But, as the director of the program explained in a deposition, Rexroat wasn’t paid less because she was a woman; her previous salary had been used to determine her starting pay. In ruling against Rexroat, the court relied on a prior ruling that unequal starting salaries do not violate the Equal Pay Act as long as there is an “acceptable business reason” for their existence.
Rexroat was doing substantially the same work as her male colleagues. Yet neither the Equal Pay Act nor Title VII of the Civil Rights Act (the law that protects women from workplace discrimination) could help her, since both contain exceptions for things like “acceptable business reasons.”
Rexroat needed the Equal Rights Amendment (ERA), which would raise the standard of judicial review by how the inequity is judged – lending more weight to Rexroat’s rights and less to an employer’s rationale for violating them.
So what's the hold up from ratifying the ERA into the constitution?
Originally proposed in 1923, the ERA was introduced in every session of Congress until 1972, when it passed Congress and went to the states for ratification.

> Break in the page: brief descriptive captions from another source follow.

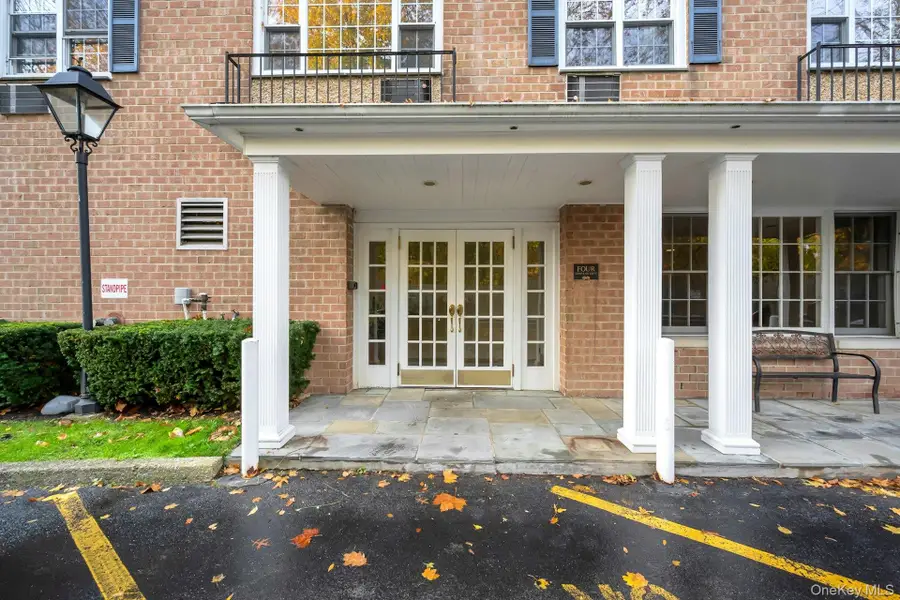 4 Consulate Drive #1B, Tuckahoe, NY 10707 - Image #2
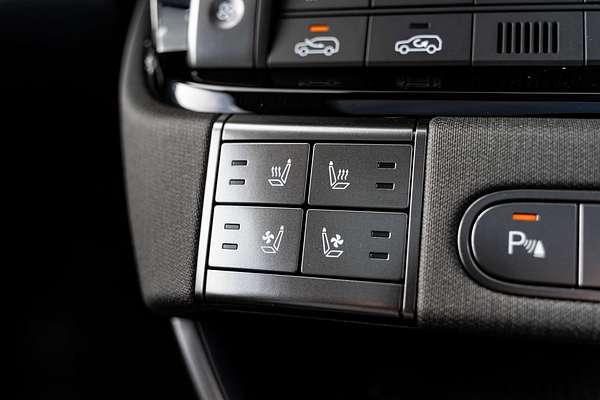 2025 Hyundai INSTER Cross AX.V1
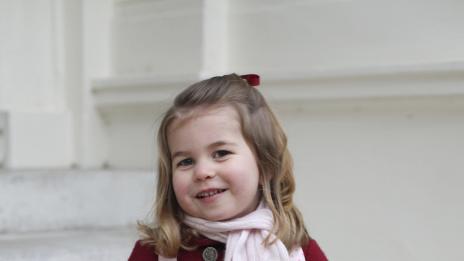 Принцеса Шарлот тръгна на детска градина с усмивка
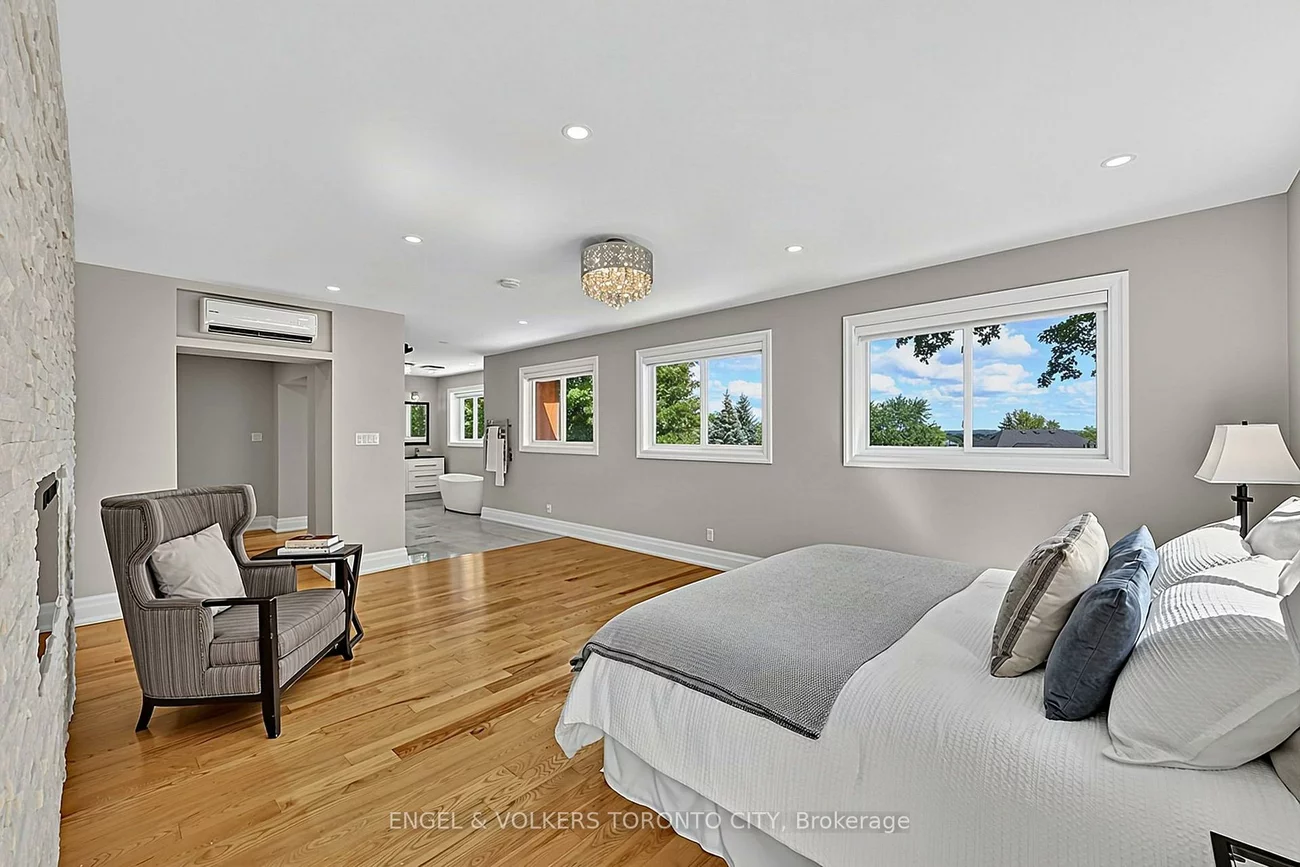 11, Cedarwood, Nobleton, King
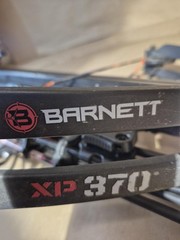BARNETT ARCHERY MODEL XP 370, W/ FOUR BOLTS IN QUIVER (B33009203)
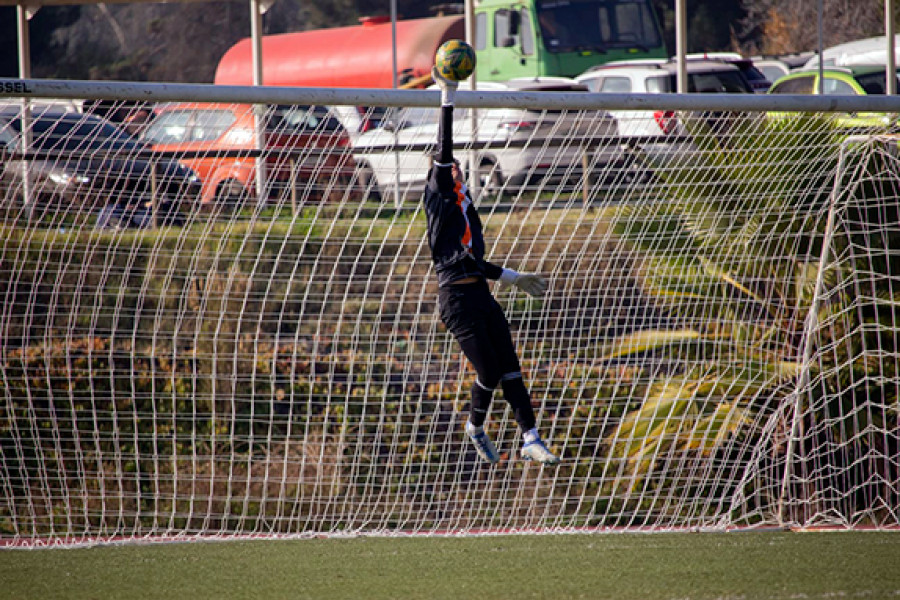 Arquero selección de fútbol Usach, entrenando en campus deportivo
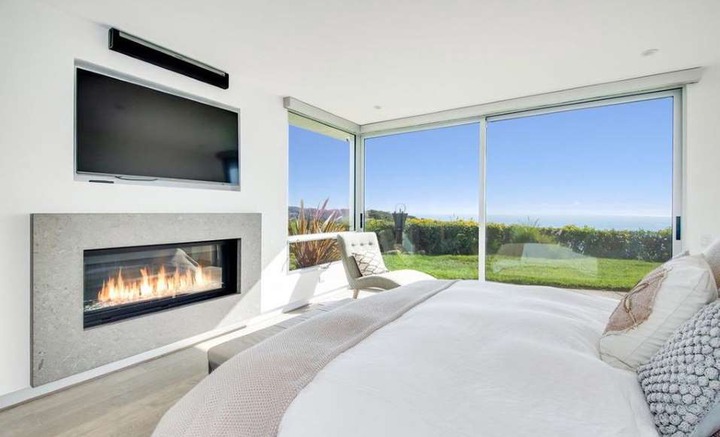 Interior Design of Will and Jada Smith's $3.1 million hillside starter home in Malibu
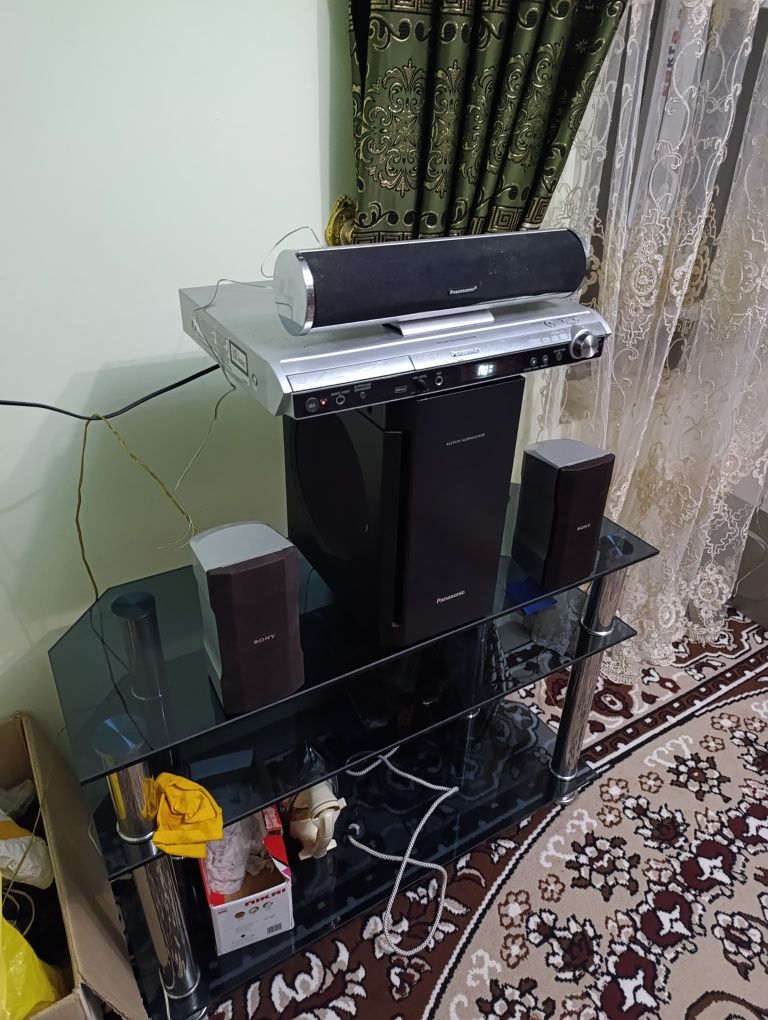 Panasonic domashniy kinoteatr xolati zur Disk Aux radio oʻqiydi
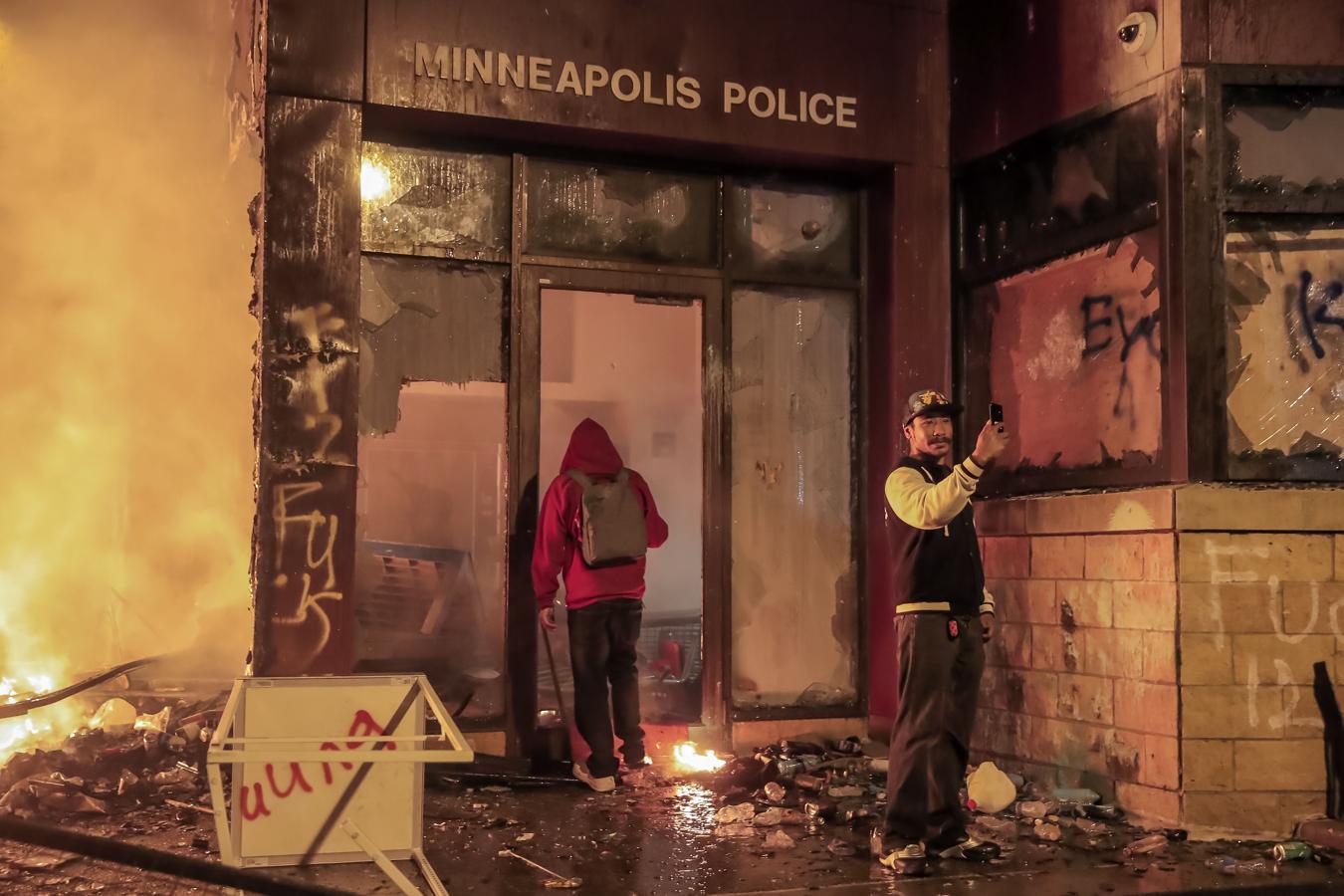 Disturbios en Mineápolis. Un grupo de manifestantes, durante el saqueo a una tienda de Mineápolis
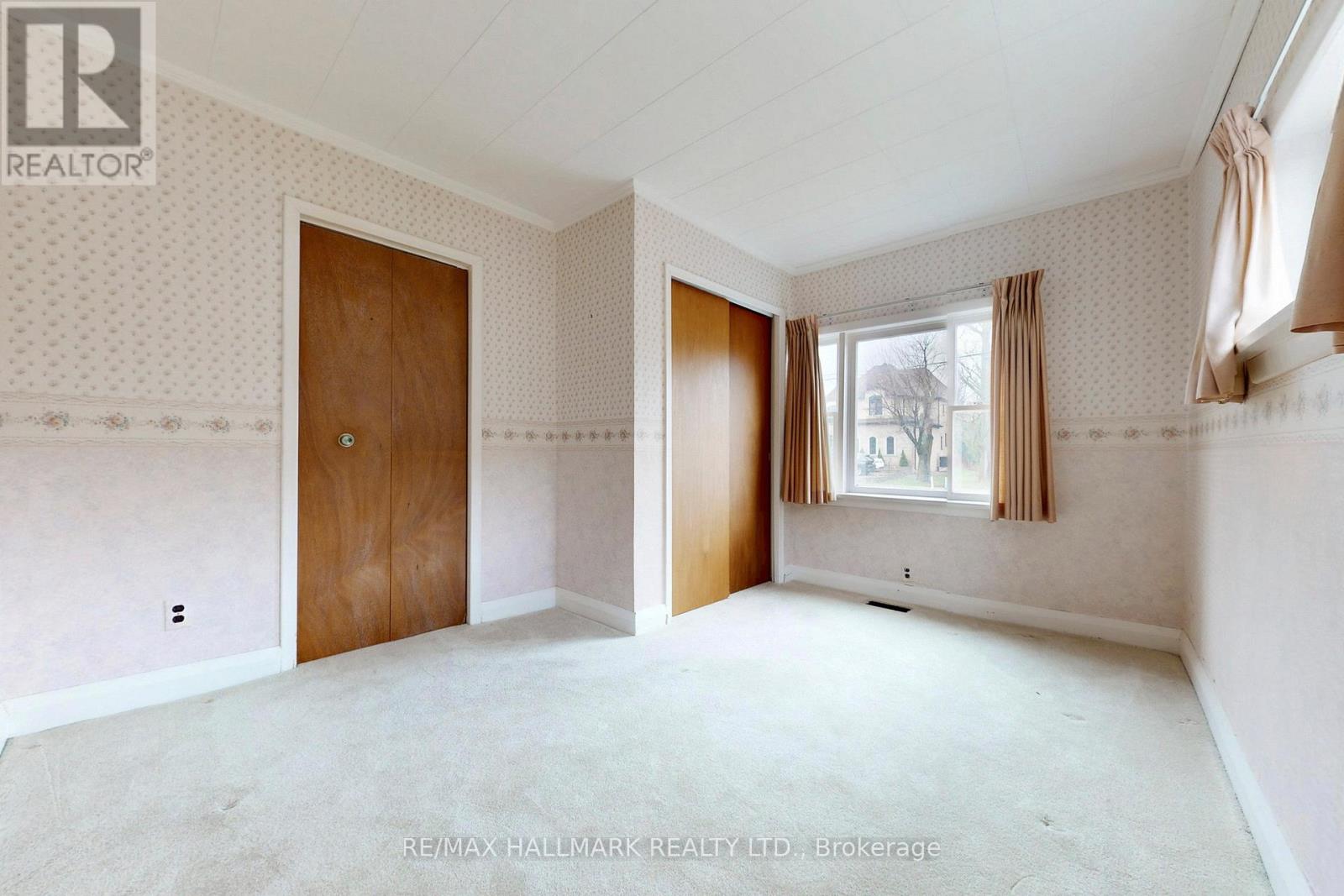 63 Oxford Street, Richmond Hill, Ontario  L4C 4L6 - Photo 20 - N12979766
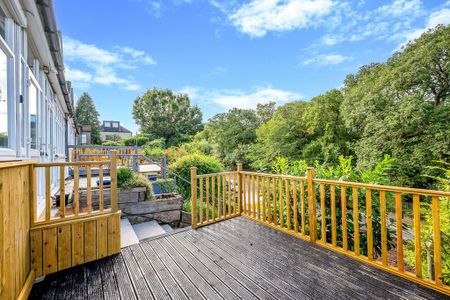 4 bedroom semi-detached house to rent - Photo 4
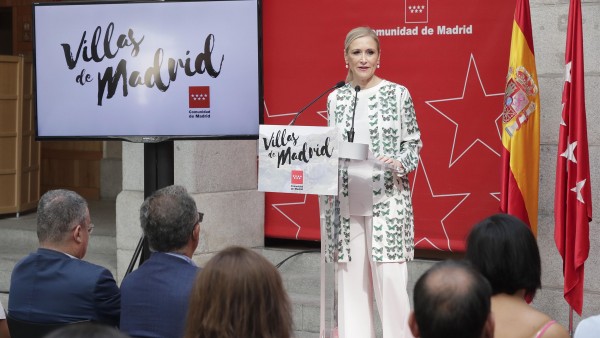 Cifuentes Presenta La Ampliación Del Programa “Villas De Madrid”
Cifuentes Presenta La Ampliación Del Programa “Villas De Madrid”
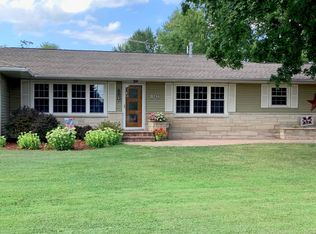 1502 W Locust Ln, Robinson, IL 62454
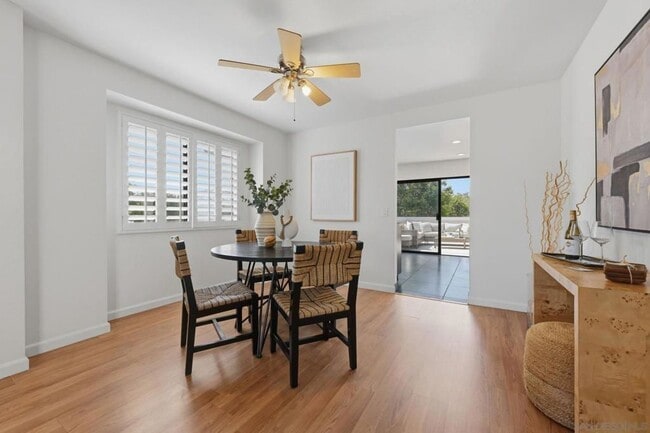 Building Photo - 867 Hollyhock Ct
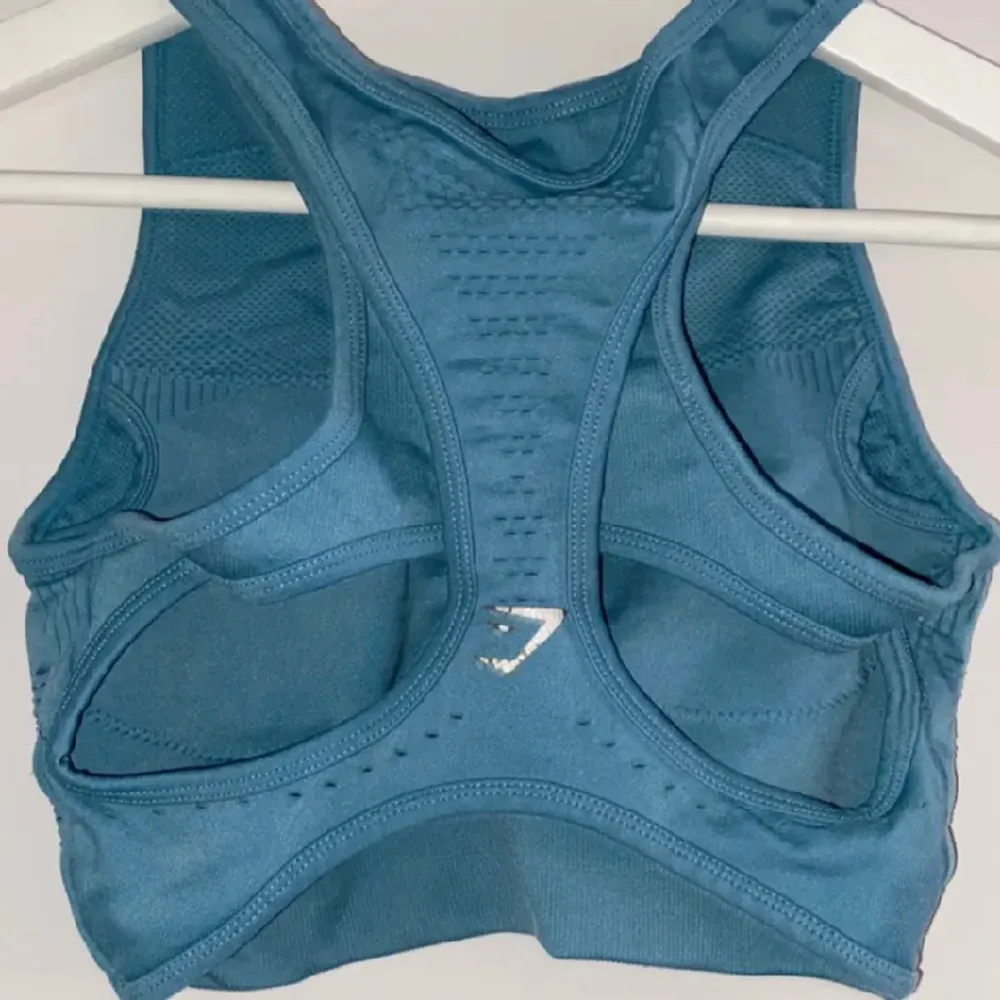 Tränings bh från gymshark, blå, kom gärna med prisförslag 🤍. Yläosat.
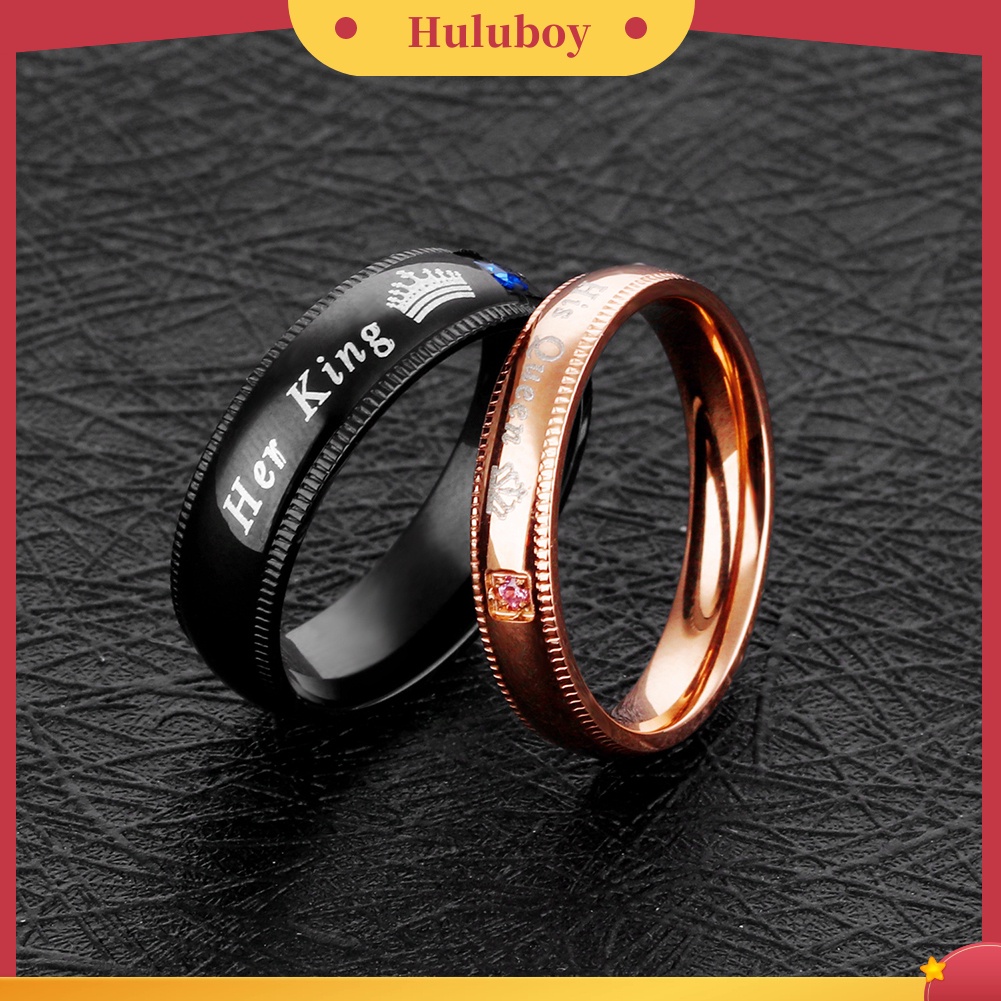 {Ready Stock} Fashion Baja Titanium Berlian Imitasi Her King His Queen Pasangan Jari Rings Perhiasan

By 1982, it had fallen three states short of the number required to ratify it and add it to the Constitution. The ERA’s most effective foe was Phyllis Schlafly, the shrewd anti-feminist godmother of alternative facts who toured the country claiming that the ERA would force women to register for the draft and use the same bathrooms as men, as well as paving the way for “sex mixing,” “homosexual marriage” and “homosexual schoolteachers.”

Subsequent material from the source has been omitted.